J J est aussi un exemple de main à puissance fortement variable en fonction de la situation. Sur une table de six joueurs, J J se positionne à la quatrième place du hit parade des mains les plus puissantes, mais si le nombre de joueurs diminue, le pouvoir de la paire de valets diminue à la neuvième place.
Afin de généraliser cette variation dans la puissance des mains suivant le nombre de joueurs à table, vous pouvez vous inspirer des classements suivants :
Puissance des mains avec deux joueurs après la River :
A A – K K – Q Q – A Ks – A K – A Qs – A Js- K Qs – J J – 10 10
Puissance des mains avec six joueurs après la River :
A A – K K – Q Q – J J – 10 10 – K Qs – A Ks – A Qs – A Js – A K
La décision clé au Texas Hold’em est de savoir s’il faut entrer dans le pot avec les deux cartes privées qui sont distribuées à chaque main. Ensuite, la deuxième phase concerne la manière intelligente de jouer la main sélectionnée pour participer au pot.
De manière générale, il est conseillé de relancer avec le Top 10 des mains de départ. Vous pouvez relancer avec le Top 16, sauf si vous êtes persuadé qu’une relance ne va pas sortir suffisamment de joueurs sur une partie de type « large ». Sur une table à tendance « serrée », il convient de relancer au préflop uniquement avec le Top 5.
Cependant, le meilleur conseil si vous êtes sur une table « serrée » est de partir très vite pour trouver un endroit mieux garni en petits poissons plutôt qu’en dont il sera difficile d’extraire de l’argent.
Pour débuter, il ne faut jamais jouer rien d’autres que les 24 mains de départ.
A K est un bon exemple de main à double tranchant qui fonctionne vraiment mieux en tête-à-tête plutôt que contre de multiples adversaires. Avec A K, il faut absolument faire le ménage en éliminant la plupart de vos adversaires avant qu’ils voient le flop. Après le flop, si plusieurs adversaires restent en jeu, vous diminuez la puissance de la main et l’avantage de ces cartes. Attention de ne pas aller non plus dans l’excès en misant tous vos jetons car A K peut être aussi un grand perdant, notamment face aux petites paires.
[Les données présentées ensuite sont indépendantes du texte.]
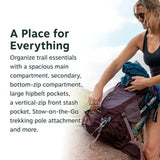OSPREY SIRRUS 44 HIKING PACK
Il faut foncer avec A K, mais ne pas tout risquer non plus.
10 10 perd de sa puissance lorsque le nombre de joueurs diminue, donc il faut rassembler le plus de joueurs possible dans le pot avec une paire de 10 servie. De manière générale, avec les toutes les paires servies, vous devez garder à l’esprit que vous allez flopper un brelan 1 fois sur 7. Il suffit de compter les paires servies où vous ne touchez pas un brelan pour savoir que lorsque vous arrivez dans les parages de la septième paire servie, elle sera vraisemblablement assortie d’un brelan au flop.